This week we journey back to 1970: can you believe that is nearly half a century ago? It certainly makes me wonder where the decades have gone!

We visit Elstree Studios, which is awash with red ink and fighting falling attendances at cinemas plus the withdrawal of Hollywood money as Tinsel Town itself feels the pinch. It still looks like it was after the rebuild in 1948 plus has three new stages built a couple of years earlier.

EMI were the owners and they decided in 1969 to appoint Bryan Forbes to become head of production, with the task of keeping the several hundred employees busy and make box office successes to offset the mounting losses.

Bryan became a friend later in life and told me: "When I arrived I expected a battlefield but not the damn Somme. We were still hampered by outdated union rules, buildings that had not been upgraded and I was expected to put into production several films for which I was promised a revolving fund which actually never revolved."

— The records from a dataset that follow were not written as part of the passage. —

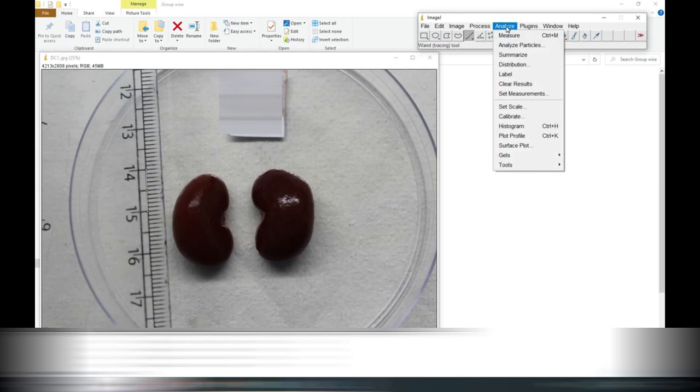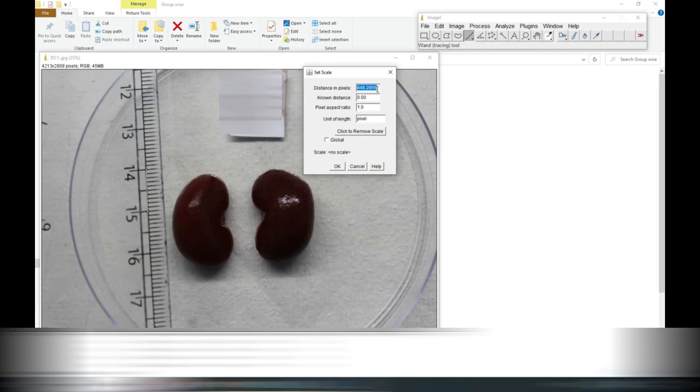Here we will set the scale and you can see it is a pixel measurement that is in blue. Now you have to add here unknown measurement means 10 mm that we measured here in the scale and now we will write here the units.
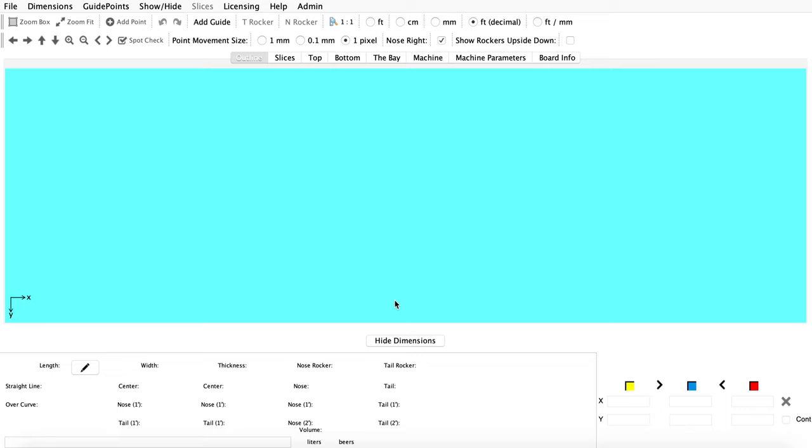Hey shapers, this is Nick with Akushaper. In this tutorial, I'm going to cover a few quick tips when using a ghost board. A ghost board is used to overlay an image of an existing board over your new design to replicate or copy parts of the board from a different design into a new design.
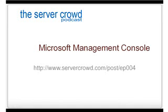Welcome to the Server Crowd Podcast. This episode is about the Microsoft Management Console. We're going to go over some of the basic usages of the console. If you're watching this on YouTube, you can go to www.servercrowd.com/post/EP004 for a little better video and for a copy of these slides.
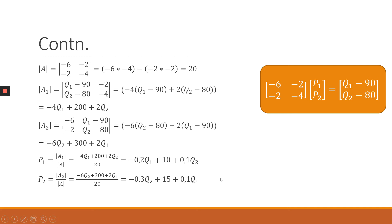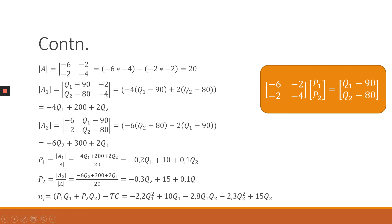Now that we have p1 and p2 — our average revenues — we can define the profit function, which is the objective function in this analysis. The profit function comes out as: π = minus 2.2q1² + 10q1 + 2.8q1q2 minus 2.3q2² + 15q2.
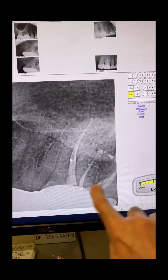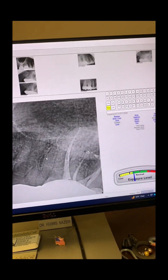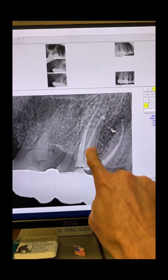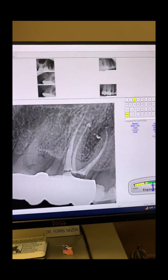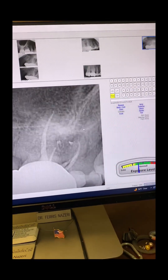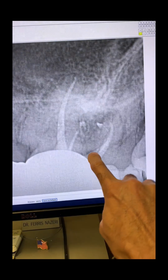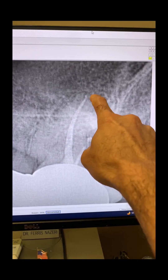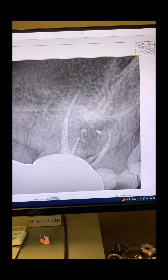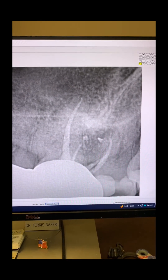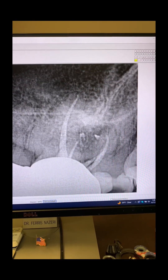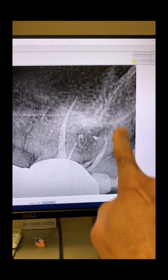You can see it again here — the MB2 that the endodontist had missed. In this angulation you can see the MB1, MB2, the distal column, and the palatal, with a beautiful lateral right into the lesion. We were able to capture that beautiful anatomy throughout. Everything went great — we went ahead and temporized the tooth and referred the patient back to her dentist for the permanent restoration.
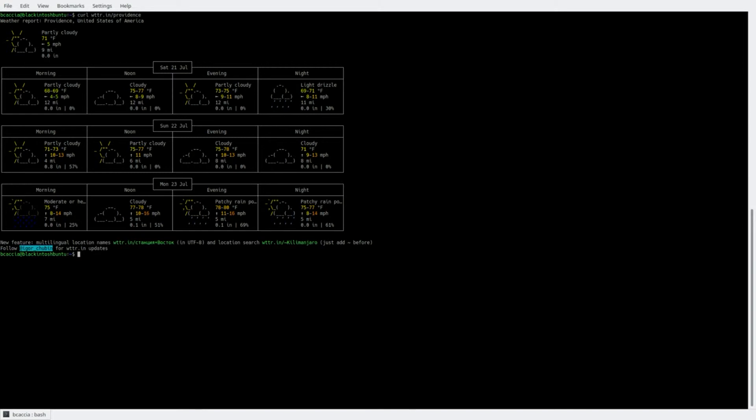Now, I'd like to be able to call this up quickly, so I don't have to type that entire command out, and the best way to do that is via an alias.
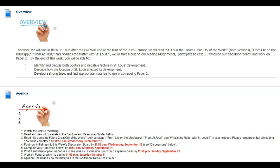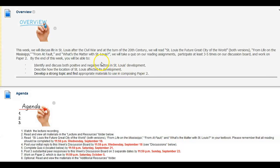Hello, welcome to week 5 of our class. This is Dr. Rebecca Wood, and this week we will discuss life in St. Louis after the Civil War and at the turn of the 20th century.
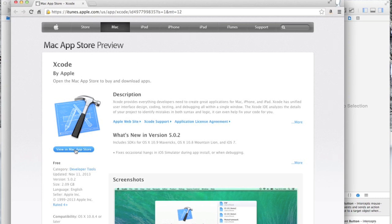People often ask: do you need a developer account? Not right off the bat. Down the road when you want to actually submit your app to the App Store or test your app on devices, at that point you need a developer account. But for right now you can download and play around with it and get quite a lot accomplished before you have to register, which usually costs about a hundred dollars or so.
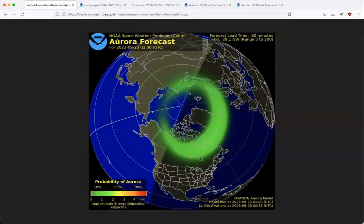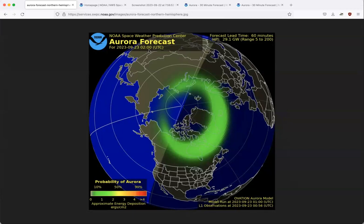We've got the NOAA logo on the top, then NOAA's Space Weather Prediction Center, which is the national forecasting agency for geomagnetic activity that leads to the aurora. This is the aurora forecast, and the date and time are given in Coordinated Universal Time. We're looking at the forecast for 2023-09-23 — September 23rd, 2023. The time is 0200 hours in Universal Time, which feels like military time since it goes up to 2200 or 2300 hours. We also have to convert for our time zone.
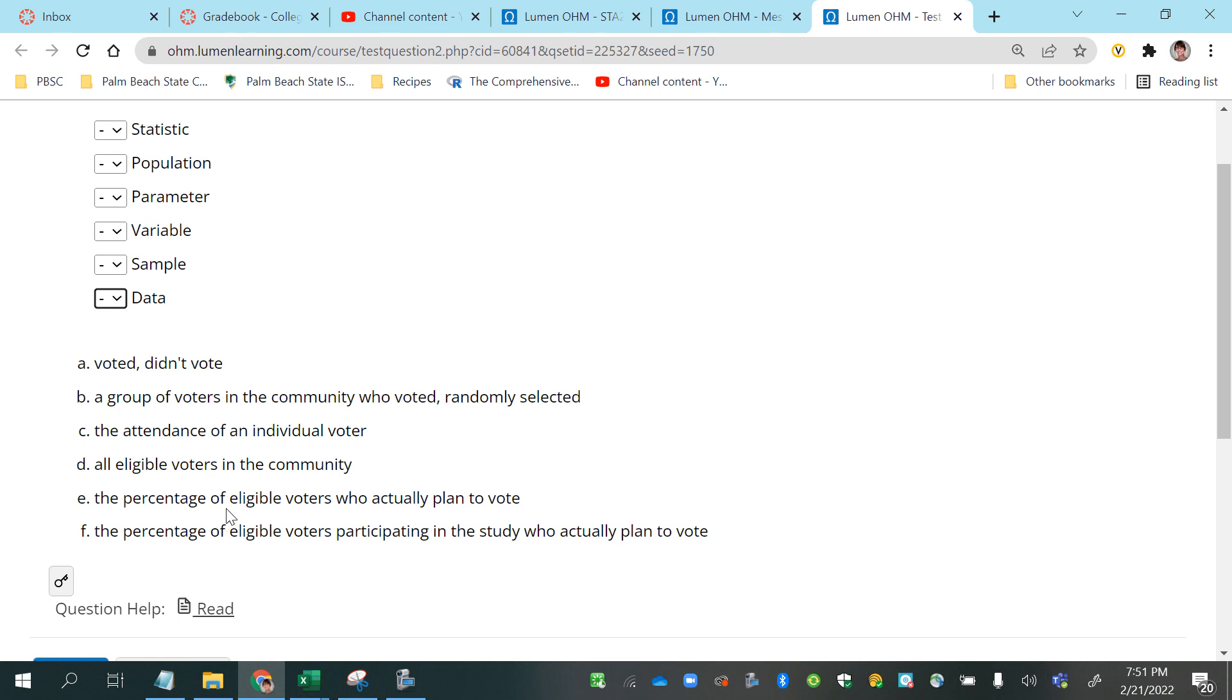E: the percentage of eligible voters who actually plan to vote. F: the percentage of eligible voters participating in this study who actually plan to vote.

Bryan did his best but he had enemies within the board room, including the late producer Nat Cohen who had wanted the job. Some feel Nat may have been more in touch as Bryan wanted to make family films while cinemagoers could see such subject matter for free on television. Bryan ploughed ahead and had critical success with The Go Between, which starred the lovely Julie Christie and went on to receive the Grand Prix award at the Cannes Film Festival.

The great character actor Lionel Jeffries told me he was forever grateful for being allowed to direct the now classic The Railway Children and the Tales Of Beatrix Potter is also fondly remembered.

Get Carter, starring Michael Caine and a great actor Ian Hendry, who sadly drank himself to an early grave, did well at the box office. However, there were flops like Raging Moon, starring a young Malcolm McDowell, and Dulcima, starring veteran actor John Mills.

The following year Bryan resigned early from his contract and the studio lurched on.

Hammer films did their best to keep the sound stages busy at Elstree in 1970 with movies such as The Vampire Lovers, Scars Of Dracula and the Horror Of Frankenstein, but times and tastes were changing and these films struggled to compare with those of its heyday in the 1950s and 1960s. One non-Hammer film did enjoy some success starring the legendary Vincent Price: The Abominable Dr Phibes.

On the comedy front the studio was home to a television spin off — a popular idea of cheap and cheerful films of that time — entitled Up Pompeii, starring Frankie Howerd, and Percy, a comedy about a penis transplant, both of which proved a success.

Within a couple of years Elstree Studios was all but dead in the water and plans were drawn up to redevlop the 28-acre site. What saved it from going the way of the wonderful MGM Studios just up the road? Well it was a combination of factors. Staffing levels were drastically reduced and the four-wall system was introduced. This meant a skeleton staff remained, the craft departments were franchised out and films employed freelance staff.

The excellent sound department had a worldwide reputation and helped promote Dolby Sound, which became a big money maker. Then in 1976 Star Wars made its home at Elstree and a profitable new era began. The tragedy was that a decade later the studio was making a good profit but the land value had dramatically increased. Had those inflated land prices existed in 1970 I doubt Elstree Studios would be anything but a distant memory today.

It was my pleasure to invite Bryan back to the studio in 2008 along with his lovely wife Nanette Newman and his old pal Dickie Attenborough for a plaque unveiling in his honour. Sadly it proved to be the last visit by both fine actors but I salute their contribution to cinema and God bless them.